Friday, August 6, 2010

Additional disclosures on credit quality of financing receivables

With Non-performing assets for banks still rising for some of the US banks, the FASB issued further guidance requiring additional disclosure on credit quality of financing receivables.

“The global financial crisis highlighted the need for additional information about a company’s financial instruments, including loans and other financing receivables,” FASB Chairman Robert Herz said in FASB's press release

The additional disclosures required include:

  1. Aging of past due receivables,
  2. Credit quality indicators,
  3. Nature and extent of troubled debt restructuring
  4. Modifications of any troubled debt done in the past 12 months which have resulted in losses again, and
  5. significant sale and purchases of receivables
While the intent of the update is primarily to give the readers an assessment of the nature of credit risk in an entity, how this credit risk is managed and what are the reasons for changes in allowance for receivables.


While points 1,4 and 5 are more a matter of subject of fact and can be easily reported, it will be interesting to see as to how will Companies represent credit quality indicators in point 2. There will be a varied choice of benchmarks which each Company will use to map the credit quality indicators.

Short-term accounts receivable, receivables measured at fair value or lower of cost or fair value, and debt securities are exempt from the ASU.


For public companies, the amendments that require disclosures as of the end of a reporting period are effective for periods ending on or after Dec. 15, 2010. The amendments that require disclosures about activity that occurs during a reporting period are effective for periods beginning on or after Dec. 15, 2010.


For nonpublic companies, the amendments are effective for periods ending on or after Dec. 15, 2011.

Sunday, May 16, 2010

About $1.2 Trillion of assets to be back on balance sheets of banks

With new accounting rules on off-balance-sheet transactions coming into effect in January, approx 53 large companies have already estimated that they will have put back an aggregate $515 billion in assets to their balance sheets during the first quarter, according to a new study of S&P 500 companies released by Credit Suisse.

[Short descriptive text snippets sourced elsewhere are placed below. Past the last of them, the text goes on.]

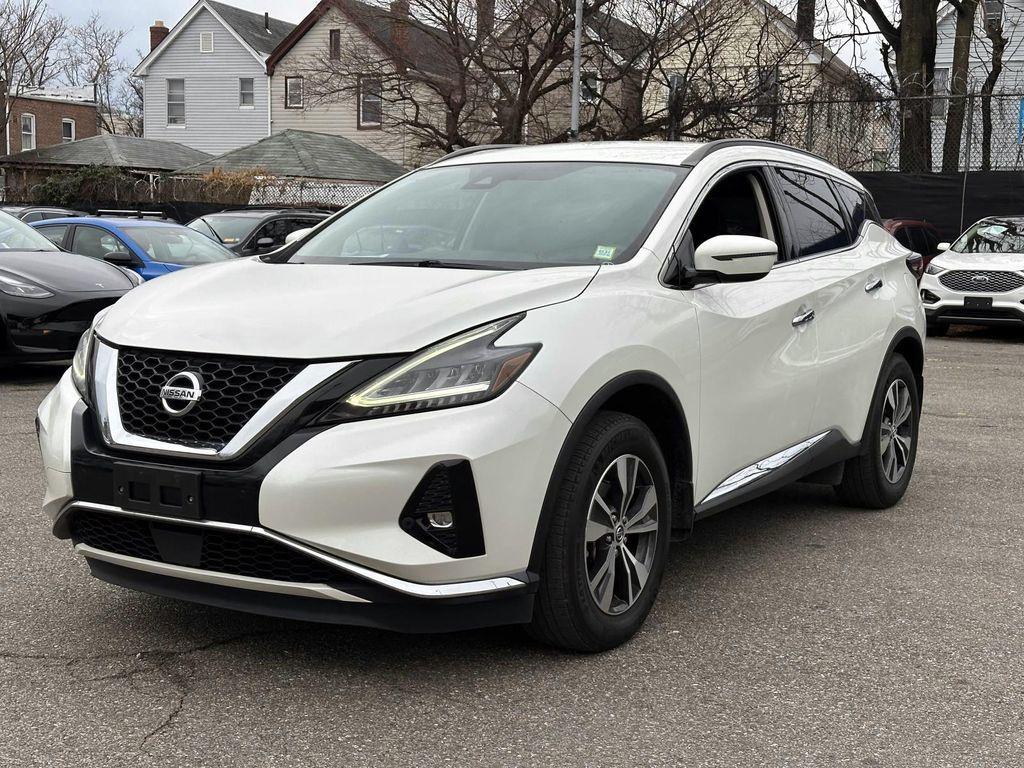 used 2021 Nissan Murano car, priced at $20,324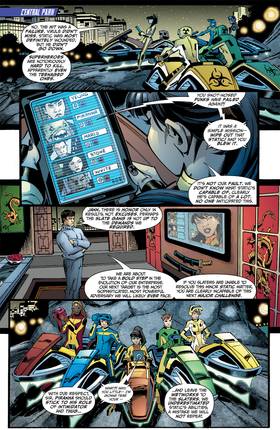 Read Static Shock (2011-)  4 Page 6 in English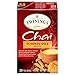 Twinings Pumpkin Spice Chai Tea, Caffeinated Black Tea Naturally Flavored with Aromatic Spices and Ginger, Tea Bags Individually Wrapped, 20 Count Ea (Pack of 2)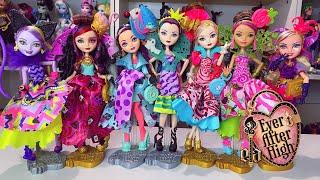 Once Upon An Ever After High Chapter 4 Way Too Wonderland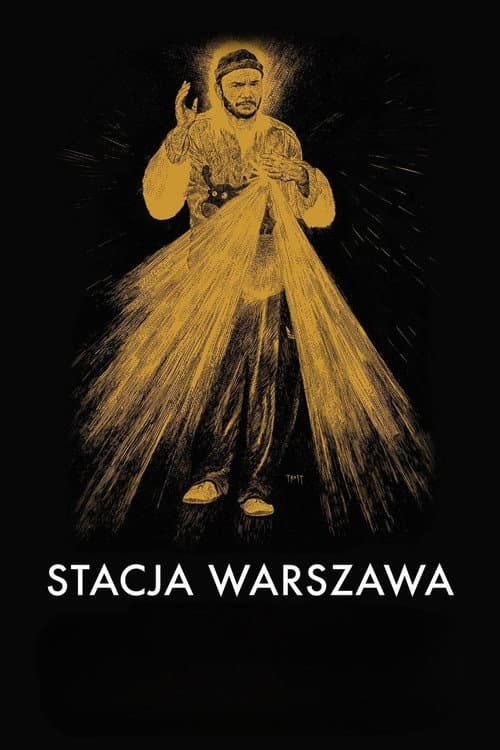 Stacja Warszawa (2014) poster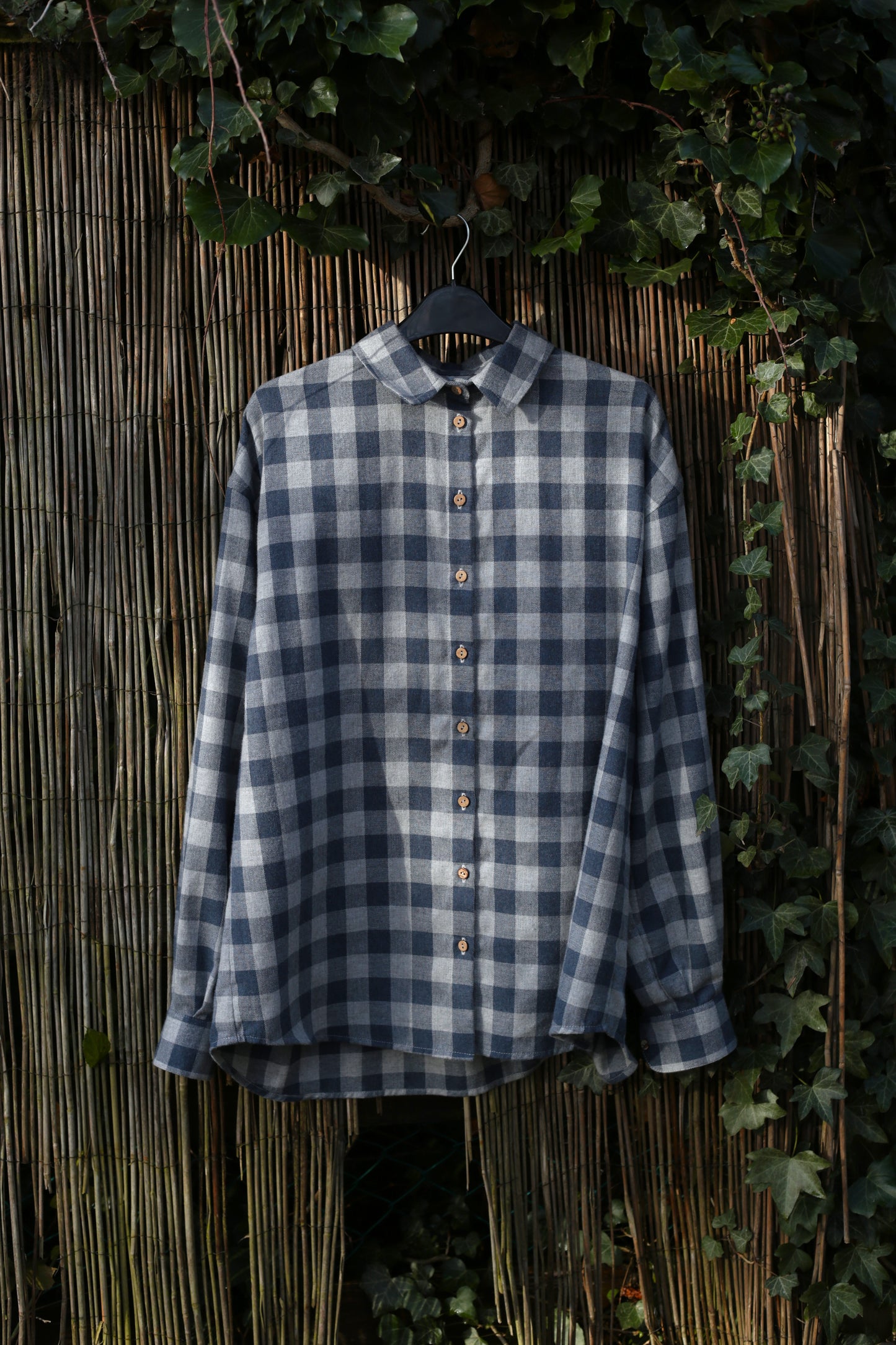 Women’s Cotton Flannel Traveller 2.0 Checkered Shirt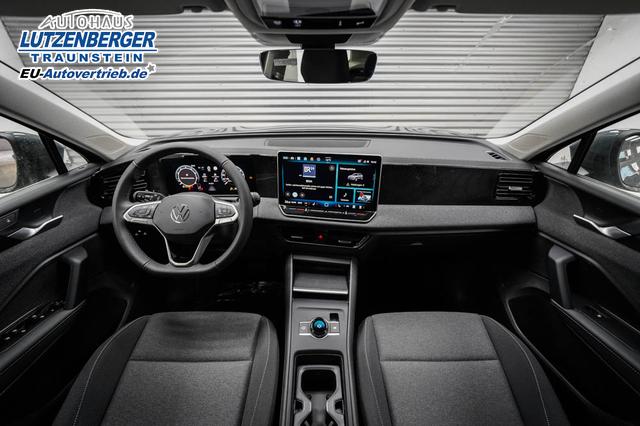 Volkswagen Tiguan 1,5 eTSI DSG Basis - LAGER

The rules that force companies to put such assets back on their balance sheets were issued in 2008 and went into effect at the beginning of this year. They are Topic 860 (formerly FAS 166), which deals with transfers and servicing of financial assets and liabilities, and Topic 810 (formerly FAS 167), the rule governing the consolidation of off-balance-sheet entities in their controlling companies' financial reports.

Predictably, most of the asset increases belong to companies in the financial sector, where off-balance-sheet transactions such as securitization, factoring, and repurchase agreements are popular.

Assets are returning to balance sheets for several reasons, most notably the Financial Accounting Standards Board's elimination of QSPEs, or "Qs," in 2008, when it became apparent that the structures were being abused. Indeed, Qs were permitted to remain off bank balance sheets if they took a "passive" role in managing the structures' finances. But when the subprime crisis hit, and the mortgages being held in Qs began to fail, banks — with the blessing of regulators — took a more active role, reworking the terms of the entities' mortgage investments. At the time, FASB chairman Robert Herz called Qs "ticking time bombs" that started to "explode" during the credit crunch.

Since their enactment, the accounting rules have affected their industry big time. Of the companies reporting an impact, nine purely financial-sector outfits plus General Electric account for 96% of the $515 billion being consolidated during the first quarter, says Credit Suisse. Of that group, which includes Bank of America, JP Morgan Chase, and Capital One, Citigroup tops the list with an estimated $129 billion in assets being brought back on the books in the first quarter — which represents 7% of its existing total assets. The newly consolidated assets come in all shapes and sizes, says the report: $86.3 billion in credit-card loans, $28.3 billion in asset-backed commercial paper, $13.6 billion in student loans, and $4.4 billion in consumer mortgages, for example ($5 trillion of the $5.7 trillion held in VIEs and Qs is mortgage related). Citigroup also disclosed a $13.4 billion charge for setting up additional loan loss reserves and eliminating interest lost from consolidating the assets.